A master carpenter after a long and fruitful career decided to retire and take up a lifelong ambition to become an economist. No longer needing his tools he sold them on eBay. With these tools he had built marvelous cabinets of sublime beauty; produced toys, musical pieces and whole houses.
The entrepreneur who bought his tools on eBay knew the reputation of the Master and had heard people rave about the beauty, utility and overall workmanship of his products. He rented out the tools to others so they could boast of using the tools of the master. He then had the tools duplicated and sold them with a certificate. Anyone who bought those tools could claim to be using the tools of the master. And the expectation was that they would produce masterpieces on a par with the Master’s. Alas, it did not work out that way.

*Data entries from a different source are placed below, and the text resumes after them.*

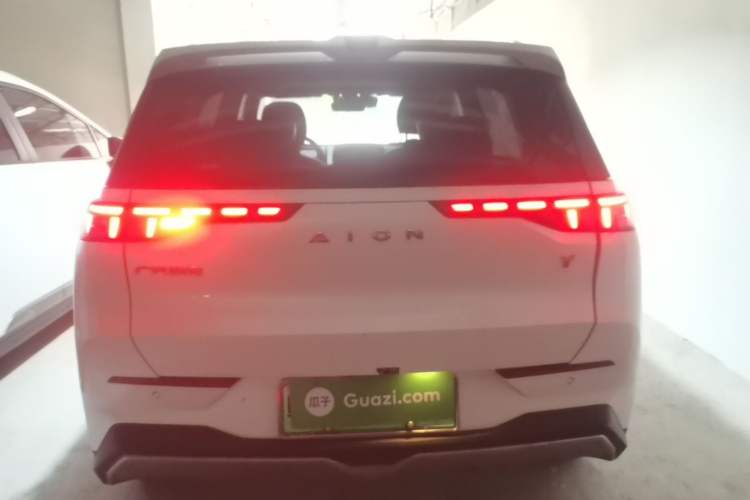 Used AION Y 2022 70 Tech Edition Lithium Iron Phosphate Rear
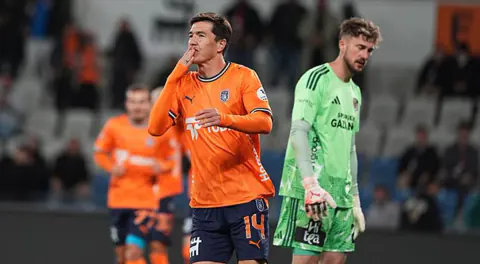 Başakşehir'de Gaziantep FK'yla 2-1: Kırmızı-Siyahlılar Deplasmanda Puansız Döndü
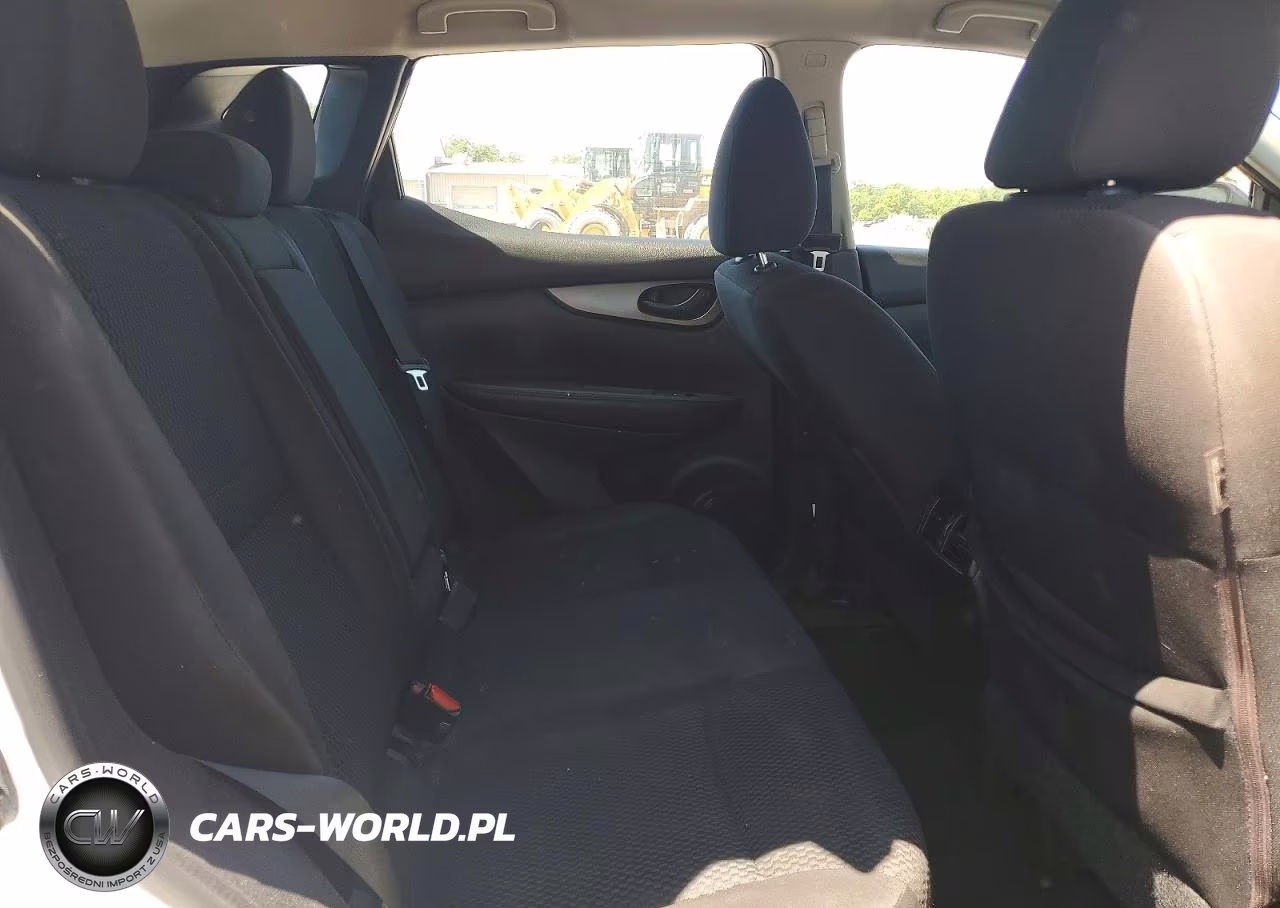2019 Nissan Rogue Sport S VIN:JN1BJ1CR4KW349574 - 11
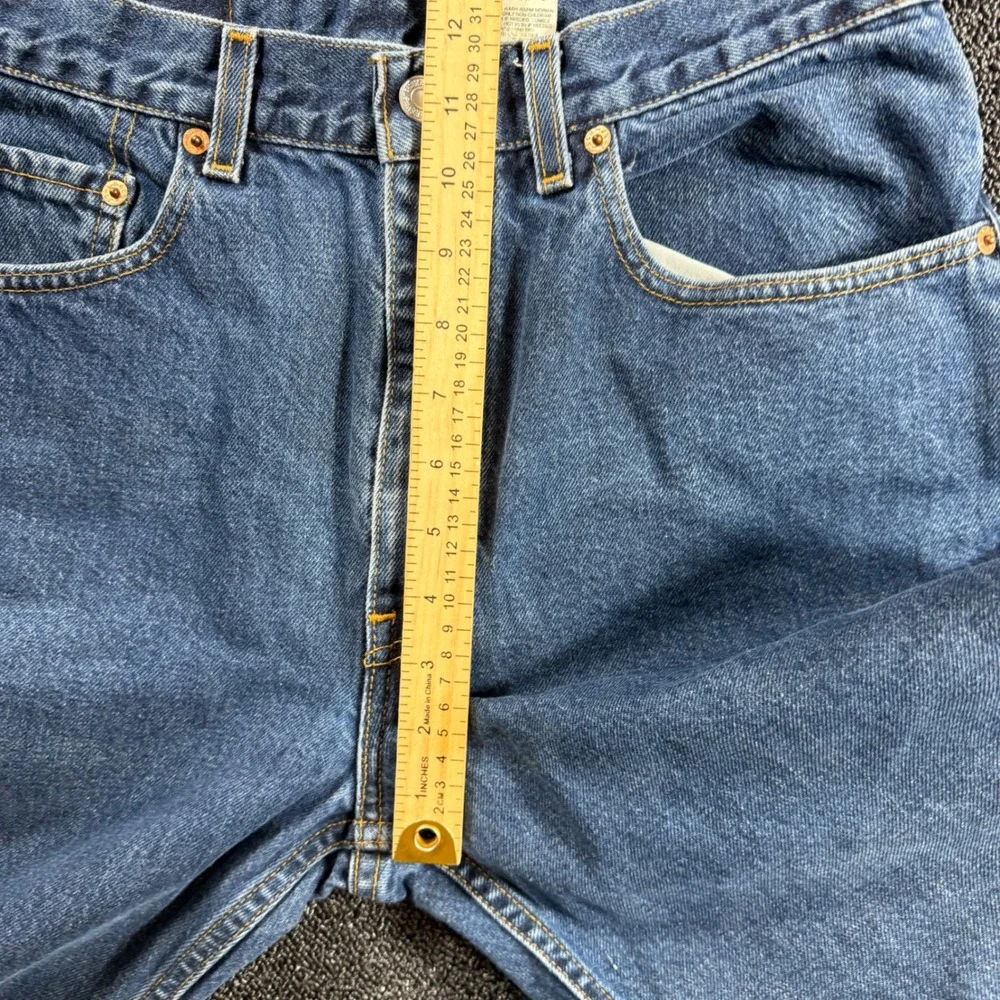 Vintage Levi's 505 Regular Fit Straight Men's Jeans 30x28 Medium‎ Wash Denim 90s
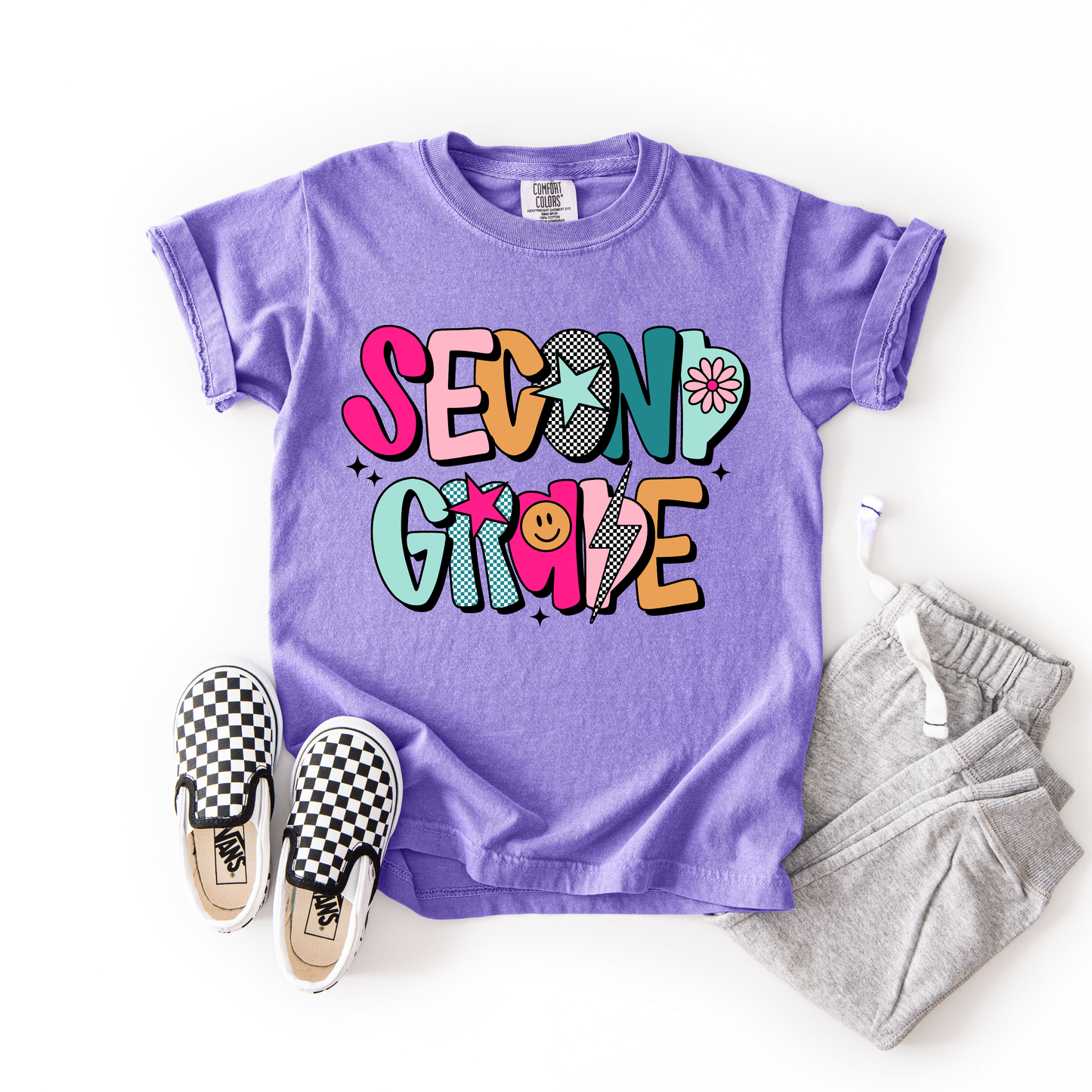 Groovy Grade Tee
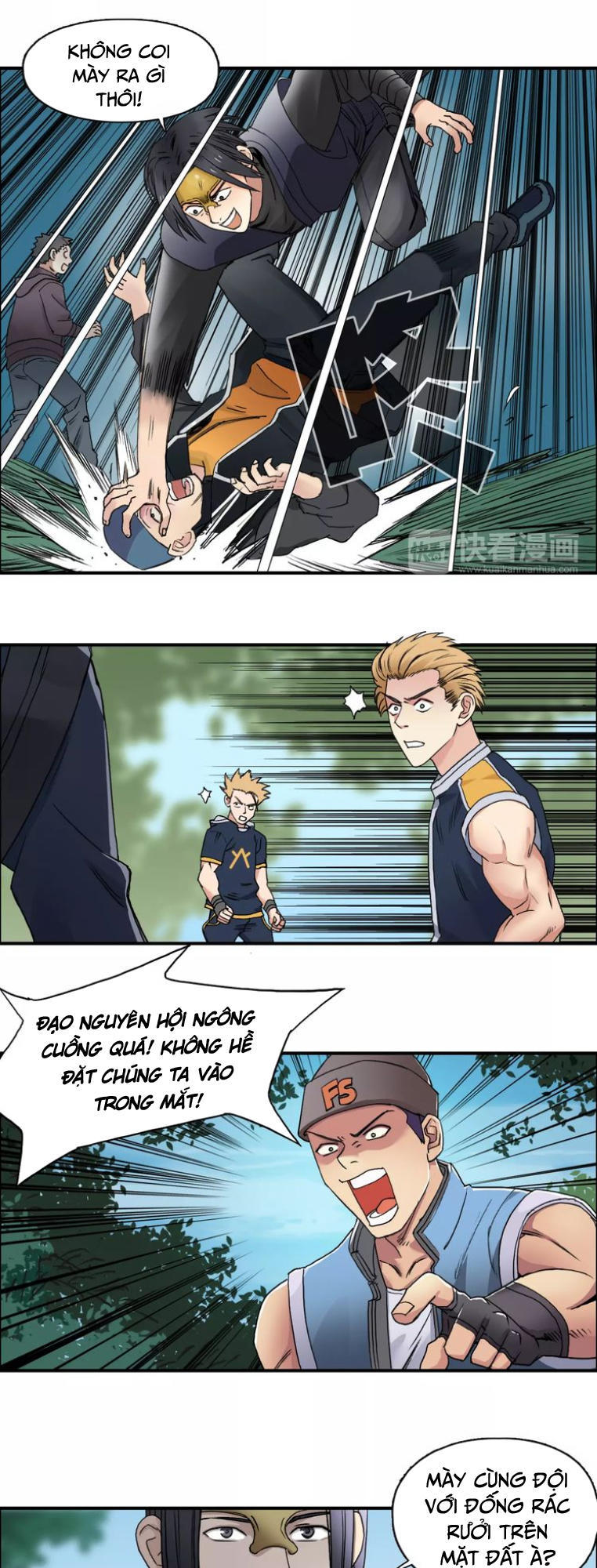 Siêu Năng Lập Phương Chapter 63 - 14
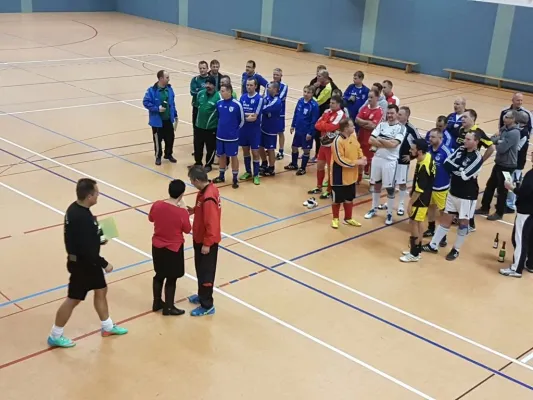FSV-Hallenturnier Alte Herren 2016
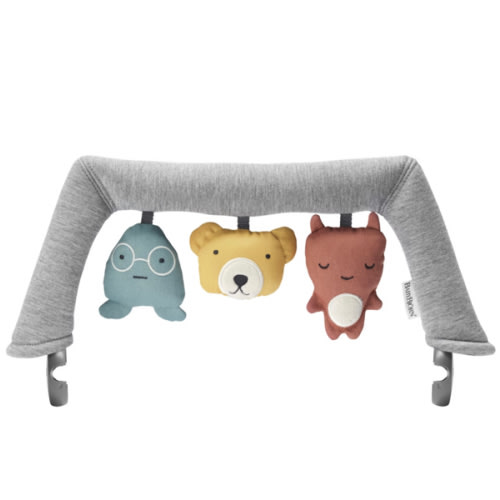BabyBjörn Toy for Bouncer – Soft friends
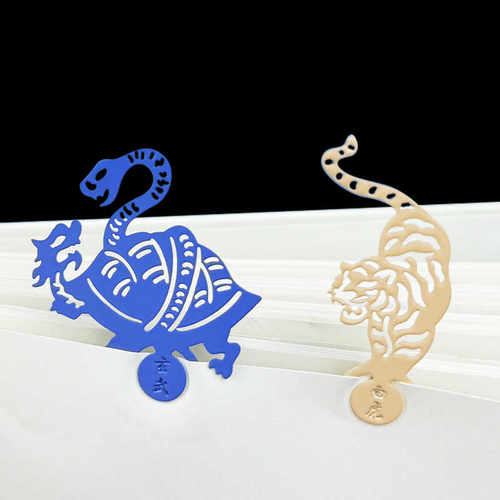 书签创意威凤祥瑞可爱精致收藏品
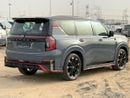 نيسان باترول NISMO 3.5L TT TOP OPTION FOR EXPORT AND LOCAL WITH COMPRESSOR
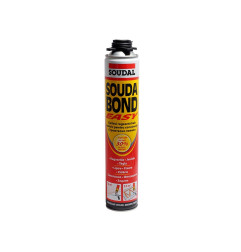 Полиуретанова лепилна пяна със слабо раздуване Soudal Soudabond Easy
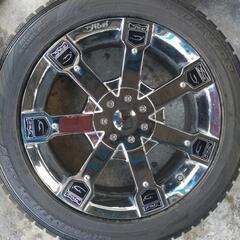 エルグランド他　225/55R18　スタッドレスタイヤ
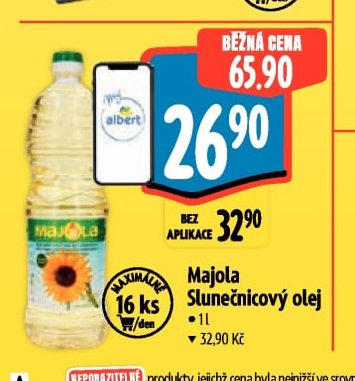 Majola Slunečnicový olej
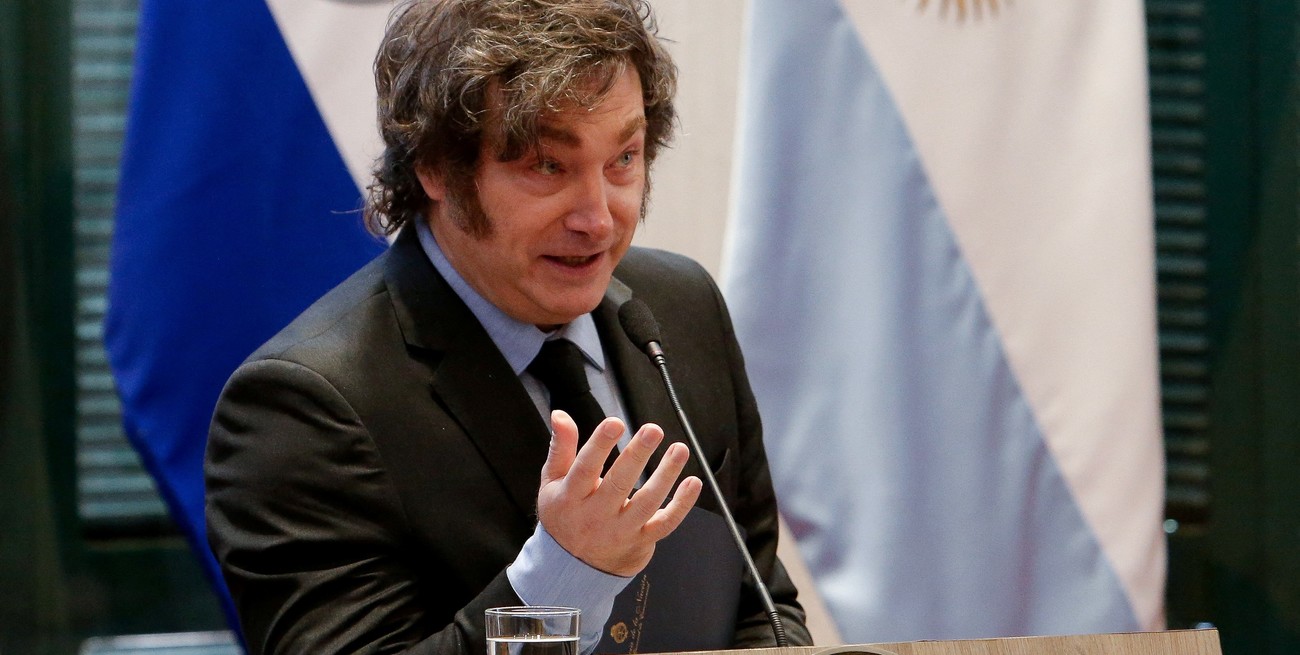 Milei le anticipa al campo que "liquiden" porque en junio vuelven las retenciones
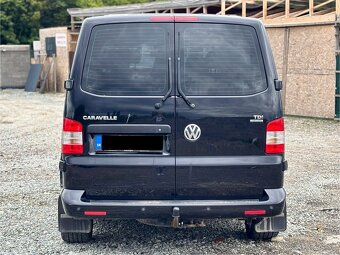 Volkswagen T5 Caravelle Long 2,0TDi 4x4 8miestne - 7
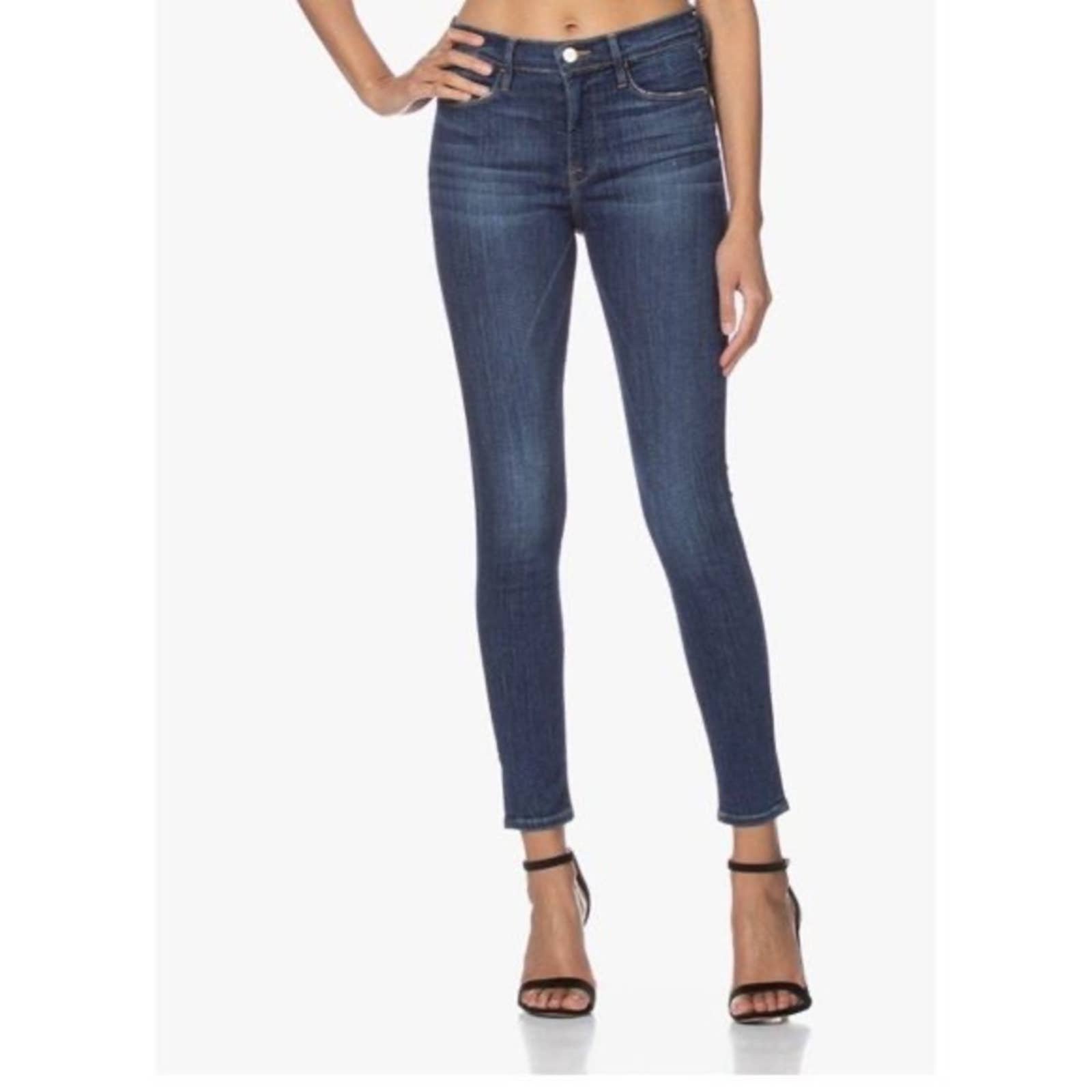 Frame Denim Le High Skinny Jeans In York Wash Size 27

Anyone reading this knows that a carpenter no matter how good his tools cannot produce great work unless he spends years training with another master. Yet in management it is assumed that a certificate, a degree or a black belt somehow confers that magic ingredient.
Some Special Masters
Some people do not believe there is any special knowledge, skill or smarts beyond the tools and some kind of mastery of the tools. One historical example clearly elucidates the difference that profound mastery can make. The best violins are generally considered those made by two eighteenth-century masters of Cremona, Italy: Antonio Stradivari and Guiseppe Guarneri del Gesu. Violins made by these two masters are considered the best in the world and violinist pay tens of thousands of dollars to own and play one. Others have tried to duplicate their efforts yet they still fall short.
Some people make an excellent livelihood just cleaning and tuning these masterworks. In one case, however, a craftsman noticed a small bump in the wood on the inside of one of these violins and sanded it down—thinking that would improve the sound. The violin never sounded the same again. Try as he might to restore the richness of the sound to the instrument he could not.
If you had all of their tools, no matter how hard you tried you could not duplicate the rich sounds of the violins created by the two eighteenth century masters. You could build violins that looked identical; you can build violins that sound quite good, but not as good. Their violins have been taken apart and examined for over two hundred years, and no one yet knows how to make violins that match their richness of sound.
If you had trained with one of these masters you would be able to build a violin like they had already made. But these two masters were constantly experimenting and improving throughout their lives. They did not start out as preeminent violin masters, they became. And to keep growing and keep improving requires more than supreme craftsmanship and knowledge of what worked in the past. What are some of the areas of knowledge that these two had mastered? They must have understood and had an appreciation for music, the theory of music, and what we today call acoustics and vibrations. They understood materials such as wood, egg yolks and various others. They must have had some understanding of chemistry, tools and probably other areas that I would be hard pressed to name. And they were able to understand how all of these work together as a system to create a great violin. With this systemic appreciation of the various areas of knowledge they not only created great violins but kept experimenting and producing different and unique, timeless violins that lasted for centuries, which even today cannot be matched.
Tools by themselves, of course, are important. One difference between humans and the great apes is our ability to build tools of unmatched utility, complexity and specificity. And if you are competing against chimpanzees, tools by themselves may be sufficient. But for those who wish to improve the condition of humankind something more is required.